The rules had a profound impact. The number of mainland developers with total sales exceeding CNY 100 billion plunged from 43 to 10 by 2025 on a full-caliber basis, and equity-backed large groups fell from 26 to just five, data from market tracker CRIC show. Between 2022 and August 2025 fourteen developers were forced into passive delisting, while thousands of firms moved through bankruptcy, restructuring and liquidation processes as the sector unwound excess leverage.
Financing volumes contracted sharply after the policy bite. Developers’ aggregate fundraising for the first three quarters of 2025 stood at CNY 307.2 billion, down about 30% year-on-year, with third-quarter financing at CNY 114.5 billion, remaining at historically low levels. At the same time, national property investment has dwindled to an 11-year low, and new project starts have flattened, indicating the industry has largely shifted from expansionary growth to preservation and operational finance.
Regulators and market participants interpret the reporting reprieve as a sign that the deleveraging goal has largely been met: aggregate leverage across the sector is trending toward healthier levels, distressed firms have been weeded out or restructured, and the market has largely completed its deep clean. For many surviving developers, borrowing needs are now more about cash management than expansion, allowing more flexible financing schedules and lower short-term adjustment costs.
Market reaction is split. A prominent private investor has argued the market may trough within a few quarters and begin a decade-long recovery driven by supply-side clearance and an expected return to a long-run equilibrium of roughly 1 billion square metres of annual transactions.
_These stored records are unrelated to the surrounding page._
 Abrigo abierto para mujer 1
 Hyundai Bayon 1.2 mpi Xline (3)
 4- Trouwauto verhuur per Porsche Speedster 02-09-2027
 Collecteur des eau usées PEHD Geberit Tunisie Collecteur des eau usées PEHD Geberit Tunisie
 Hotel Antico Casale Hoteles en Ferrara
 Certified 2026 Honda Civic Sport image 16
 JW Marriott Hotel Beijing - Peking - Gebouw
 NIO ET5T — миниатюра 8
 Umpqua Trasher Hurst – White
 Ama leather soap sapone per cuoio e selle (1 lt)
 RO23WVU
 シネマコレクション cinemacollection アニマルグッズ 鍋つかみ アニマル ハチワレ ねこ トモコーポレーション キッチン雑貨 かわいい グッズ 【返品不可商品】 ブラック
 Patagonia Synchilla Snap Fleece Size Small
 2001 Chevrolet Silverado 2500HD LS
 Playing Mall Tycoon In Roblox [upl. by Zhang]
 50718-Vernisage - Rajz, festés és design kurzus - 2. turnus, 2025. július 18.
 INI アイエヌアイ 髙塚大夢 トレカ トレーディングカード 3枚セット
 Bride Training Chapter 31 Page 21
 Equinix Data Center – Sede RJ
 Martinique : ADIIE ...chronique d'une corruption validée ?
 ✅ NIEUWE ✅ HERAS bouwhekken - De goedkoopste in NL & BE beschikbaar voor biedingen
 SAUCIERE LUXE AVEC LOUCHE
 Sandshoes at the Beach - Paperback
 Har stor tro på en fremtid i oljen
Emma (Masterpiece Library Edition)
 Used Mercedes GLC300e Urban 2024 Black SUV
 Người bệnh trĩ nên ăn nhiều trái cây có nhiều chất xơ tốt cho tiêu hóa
By contrast, Morgan Stanley, after fieldwork in Shanghai and Hangzhou, pushed its projected cyclical bottom out to late 2027, warning that high inventories will keep price and volume pressures intact and that top-tier cities may face deeper near-term corrections.
Those divergent views reflect deep regional disparities and policy transmission lags. Local markets have moved at different speeds: some first-tier cities are still working through significant oversupply, while pockets of demand-driven stability appear in others. Policy nudges — from relaxed land-purchase rules to mortgage subsidies — and even spillovers from buoyant equity and precious-metal markets may help shore up sentiment, but they are unlikely to erase structural headwinds quickly.
The practical loosening of reporting requirements marks a tactical shift: regulators appear to be swapping a blanket brake for more targeted support, signalling tacit acceptance that the acute phase of financial risk has passed. Yet the sector’s recovery will be uneven and gradual, with policymakers walking a fine line between sustaining liquidity for viable firms and avoiding a premature return to leverage-driven expansion that could reignite financial vulnerabilities.